C’est l’histoire d’une mise à jour parfaitement intéressée. Un an à peine après son arrivée sur le trône du Danemark après l’abdication de sa mère la reine Margrethe II, le monarque Frederik X a décidé, en ce début d’année 2025, de modifier les armoiries officielles du royaume. Un acte rare qui n’avait, jusqu’ici, eu lieu qu’à trois reprises depuis 1819. Désormais, les trois couronnes symbolisant l’Union de Kalmar – réunissant le Danemark, la Norvège et la Suède sous le contrôle d’une seule couronne jusqu’en 1523 – n’apparaissent plus sur le blason. «Elles ne sont plus pertinentes», justifie la famille royale. A l’inverse, l’ours polaire et le bélier symbolisant le Groenland et les îles Féroé, présents jusqu’ici en format minuscule, occupent désormais une place bien plus importante. Un choix qui ne relève pas seulement de l’esthétisme.
Cette modification des armoiries intervient en effet dans une période de fortes tensions entre le Danemark et le Groenland, pays constitutif du royaume qui possède son propre gouvernement et sa propre capitale, mais qui garde bien comme chef d’Etat le roi Frederik X. Lequel compte bien garder dans son giron cette île grande comme quatre fois la France. «Nous sommes tous unis et chacun d’entre nous s’engage pour le royaume du Danemark. De la minorité danoise du Schleswig du Sud jusqu’au Groenland. Nous sommes tous ensemble», a lancé le roi lors de son discours pour la nouvelle année.

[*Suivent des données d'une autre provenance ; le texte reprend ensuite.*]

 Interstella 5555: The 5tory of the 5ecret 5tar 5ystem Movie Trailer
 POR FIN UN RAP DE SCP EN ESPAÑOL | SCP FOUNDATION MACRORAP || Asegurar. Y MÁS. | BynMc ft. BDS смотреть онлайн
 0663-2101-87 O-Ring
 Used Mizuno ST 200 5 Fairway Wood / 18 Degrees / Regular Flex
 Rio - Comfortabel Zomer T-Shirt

Une vision qu’est loin de partager le Premier ministre groenlandais, Múte Bourup Egede. Dans sa prise de parole du Nouvel an, ce dernier a rappelé son souhait d’indépendance. «L’heure est venue d’avancer pour notre pays, a-t-il déclaré le 1er janvier. Comme d’autres pays dans le monde, nous devons retirer les obstacles à la coopération – que nous pouvons décrire comme les chaînes de l’ère coloniale – et passer à autre chose.» L’occasion de mettre sur la table l’idée d’un vote dans le courant de l’année sur le futur de l’île.
«Le Groenland n’est évidemment pas à vendre»

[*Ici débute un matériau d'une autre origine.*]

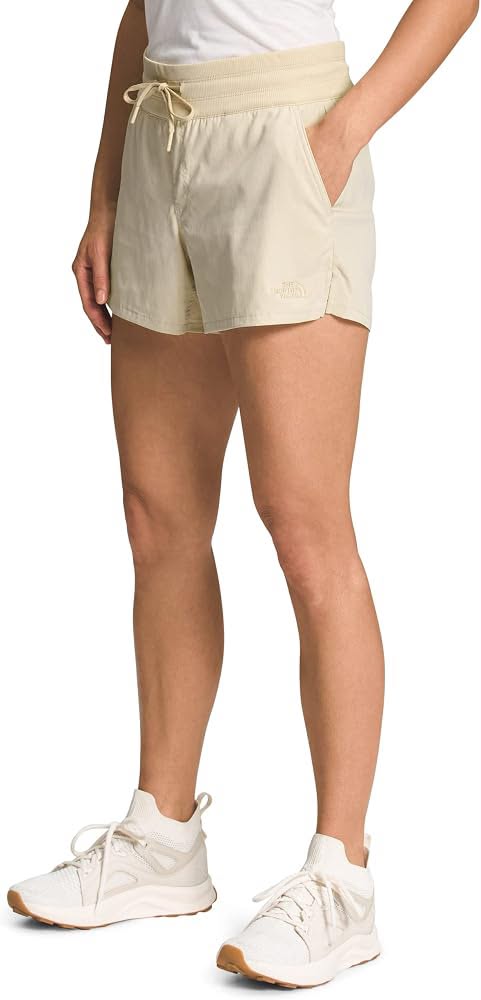Short The North Face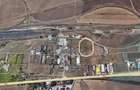 Teren intravilan 5000 mp | Zona Ancora - aproape de autostradă - 7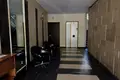 Appartement 139 m² Municipality of Thessaloniki, Grèce
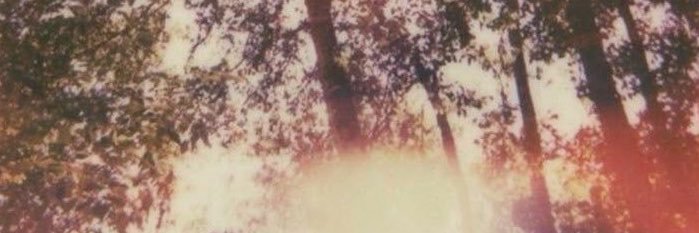 lilmimix0's profile banner image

La mise à jour des symboles officiels voulue par Frederik X ne vise pas seulement à montrer son attachement au territoire situé au nord-est du Canada. Elle vise aussi à envoyer un message au président américain Donald Trump, qui retrouvera officiellement la Maison Blanche le 20 janvier. Ce dernier a toujours convoité l’île allant jusqu’à proposer de l’acheter. Ce serait «une grosse transaction immobilière et stratégiquement, pour les Etats-Unis, ce serait sympa», avait-il affirmé en 2019 à quelques journalistes après avoir demandé à ses conseillers s’il était possible d’acquérir le Groenland contre des gros sous. «Le Groenland n’est évidemment pas à vendre», rétorquait alors le gouvernement.
Une phrase qu’a été contraint de répéter Múte Bourup Egede il y a quelques jours puisque Trump a répété, le 22 décembre, que «pour la sécurité nationale et la liberté dans le monde entier, les Etats-Unis d’Amérique estiment que la propriété et le contrôle du Groenland sont une nécessité absolue». Idéal pour refroidir les relations avec l’île et le Danemark avant même son investiture.